Pryce attempted to frame Trimingham as the source of the leak about him avoiding speeding points.
Then in November 2010 Pryce attempted to "peddle a false story" to the Mail on Sunday, that Huhne, when he was MEP, had forced one of his constituency aides, Jo White, to take his points. It was untrue and the paper did not publish it.
* * *
CONSTANCE Briscoe, a barrister and the country's leading black judge, acted as an intermediary with the Mail on Sunday.
Briscoe and Pryce had become friends because their children knew each other and they bonded over their broken relationships, the jury was told.
While Huhne had left Pryce, Briscoe's partner of 12 years, Anthony Arlidge QC, then 76, left her for a 25-year-old trainee barrister.
Briscoe was dropped as a "witness of truth" after making a statement saying she had not had any dealings with newspapers, when emails appeared to show she had been in contact with the Mail on Sunday over the points-switch story.
Briscoe was arrested and is currently under investigation on suspicion of lying to police over the speeding allegations.
She has been suspended from the judiciary and has not been charged, but could be prosecuted for perjury or perverting the course of justice.
* * *
IT wasn't only to the Mail on Sunday that Pryce had brought her story.
By March 2011, Pryce was talking to the Sunday Times, confiding to political editor, Isabel Oakeshott, that she had taken Huhne's points.
Pryce's decision to email Oakeshott about the perversion of the course of justice made her the author of her own misfortunes. The collaboration of Oaksehott certainly propelled the narrative.
In the emails, Oakeshott counsels Pryce on the best way to "inflict maximum and perhaps fatal damage" on Chris "without seriously damaging your own reputation in the process" and even suggests "we could have quite a lot of fun doing it".
Oakeshott says she has an interest in helping Pryce because she wants to get the story, but says she is also motivated by a "relationship of trust" that had developed.
Oakeshott insisted that Pryce would have to go on the record for the story to run, but the source was still worried about repercussions.
They hatched a plan to secretly tape record phone conversations with Huhne in the hope he would make an admission.

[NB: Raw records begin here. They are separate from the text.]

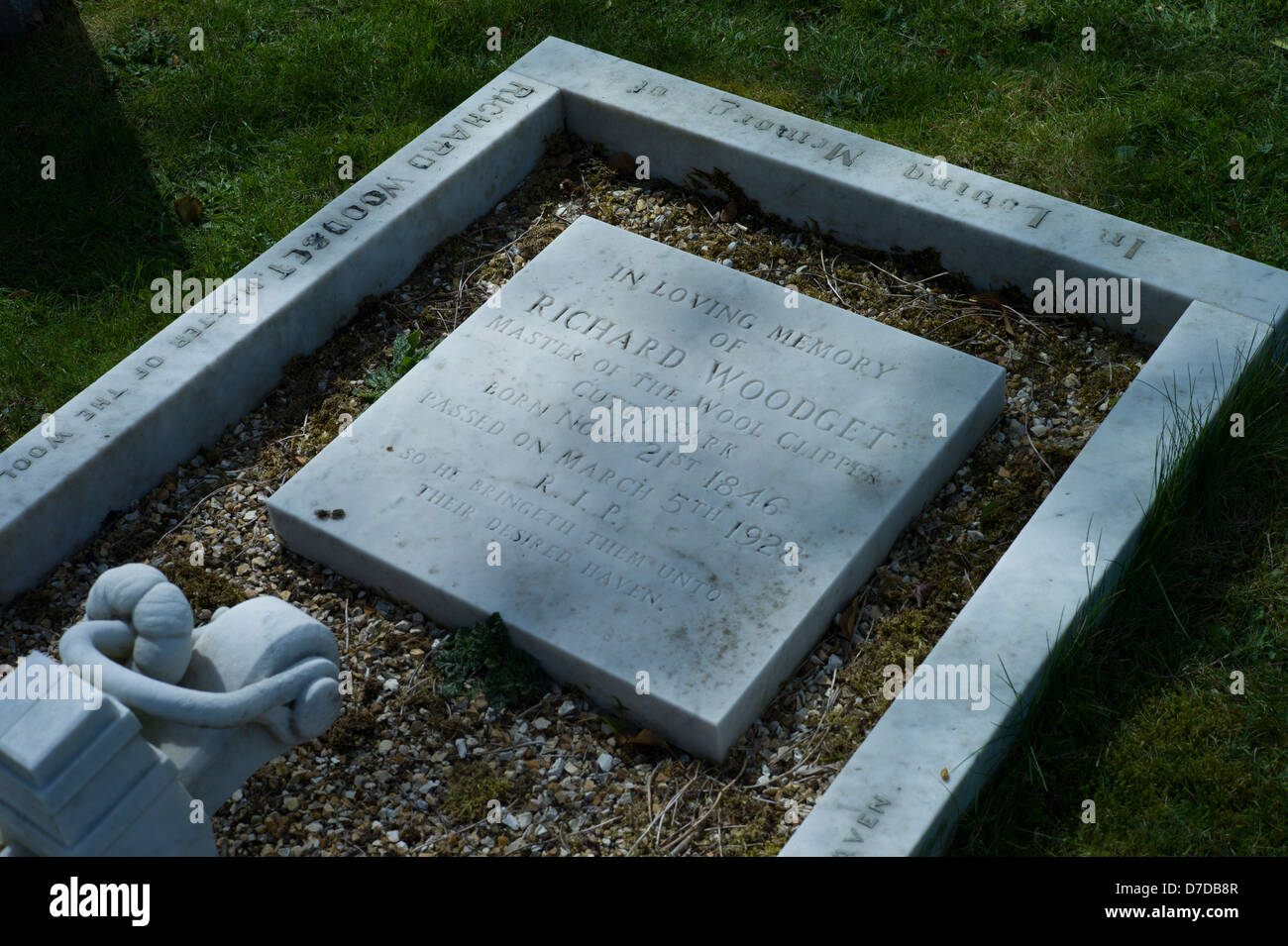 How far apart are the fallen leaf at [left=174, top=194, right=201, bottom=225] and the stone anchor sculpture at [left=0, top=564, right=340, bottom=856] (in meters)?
2.49

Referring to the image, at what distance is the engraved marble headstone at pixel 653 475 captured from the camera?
3.47 metres

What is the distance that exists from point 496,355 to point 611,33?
2.30m

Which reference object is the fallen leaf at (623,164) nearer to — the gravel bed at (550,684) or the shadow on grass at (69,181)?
the gravel bed at (550,684)

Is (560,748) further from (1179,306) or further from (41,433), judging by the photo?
(1179,306)

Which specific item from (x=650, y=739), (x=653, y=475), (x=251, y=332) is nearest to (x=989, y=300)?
(x=653, y=475)

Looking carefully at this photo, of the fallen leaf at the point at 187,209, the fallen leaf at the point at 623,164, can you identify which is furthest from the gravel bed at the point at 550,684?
the fallen leaf at the point at 187,209

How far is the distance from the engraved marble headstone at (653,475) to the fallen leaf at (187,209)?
4.73 feet

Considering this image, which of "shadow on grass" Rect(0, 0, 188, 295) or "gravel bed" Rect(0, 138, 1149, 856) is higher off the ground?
"shadow on grass" Rect(0, 0, 188, 295)

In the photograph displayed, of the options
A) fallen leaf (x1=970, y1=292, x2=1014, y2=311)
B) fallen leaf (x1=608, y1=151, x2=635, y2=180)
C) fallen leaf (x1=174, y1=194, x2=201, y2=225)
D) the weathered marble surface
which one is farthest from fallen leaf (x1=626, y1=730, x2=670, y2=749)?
fallen leaf (x1=174, y1=194, x2=201, y2=225)

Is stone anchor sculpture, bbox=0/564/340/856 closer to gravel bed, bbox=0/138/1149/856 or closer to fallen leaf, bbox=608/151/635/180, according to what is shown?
gravel bed, bbox=0/138/1149/856

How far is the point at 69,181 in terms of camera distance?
207 inches

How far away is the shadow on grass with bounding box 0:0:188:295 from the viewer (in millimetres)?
4906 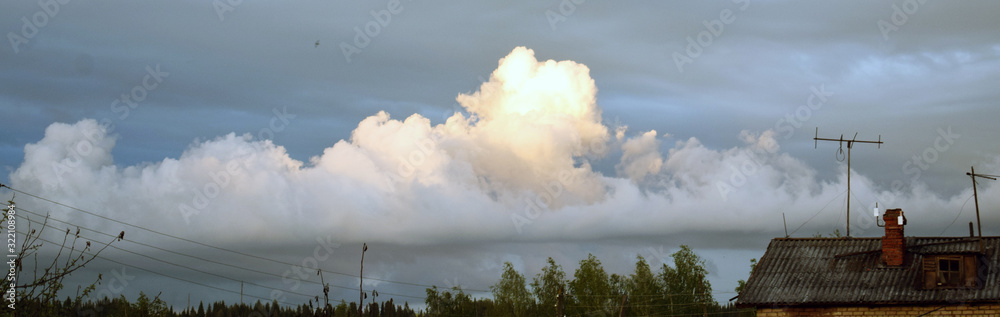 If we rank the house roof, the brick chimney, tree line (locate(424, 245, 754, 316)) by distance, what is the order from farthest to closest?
tree line (locate(424, 245, 754, 316))
the brick chimney
the house roof

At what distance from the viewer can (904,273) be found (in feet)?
106

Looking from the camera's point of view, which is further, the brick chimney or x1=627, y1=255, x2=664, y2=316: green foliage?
x1=627, y1=255, x2=664, y2=316: green foliage

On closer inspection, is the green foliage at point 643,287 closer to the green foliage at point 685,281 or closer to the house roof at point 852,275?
the green foliage at point 685,281

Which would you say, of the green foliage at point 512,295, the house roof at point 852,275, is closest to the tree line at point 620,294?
the green foliage at point 512,295

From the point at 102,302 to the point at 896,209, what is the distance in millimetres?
96519

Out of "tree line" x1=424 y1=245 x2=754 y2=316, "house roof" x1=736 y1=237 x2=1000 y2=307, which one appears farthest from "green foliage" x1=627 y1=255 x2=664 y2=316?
"house roof" x1=736 y1=237 x2=1000 y2=307

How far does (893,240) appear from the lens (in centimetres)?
3328

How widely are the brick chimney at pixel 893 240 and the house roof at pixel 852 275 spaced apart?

Huhne was suspicious and did not admit to the speeding points fraud.
Without a confession, Pryce had to sign an affidavit confirming her story was true in order to get the information published.
She took that plunge, trusting that her confidentiality agreement would minimise the risk of being prosecuted and allowing her to "nail" Huhne.
In a telling instance of a journalist leading a source up the garden path Oakeshott told Pryce:
"If you go with my advice I don't think you can really lose ... and I wouldn't advice you to do something that was clearly bad for you."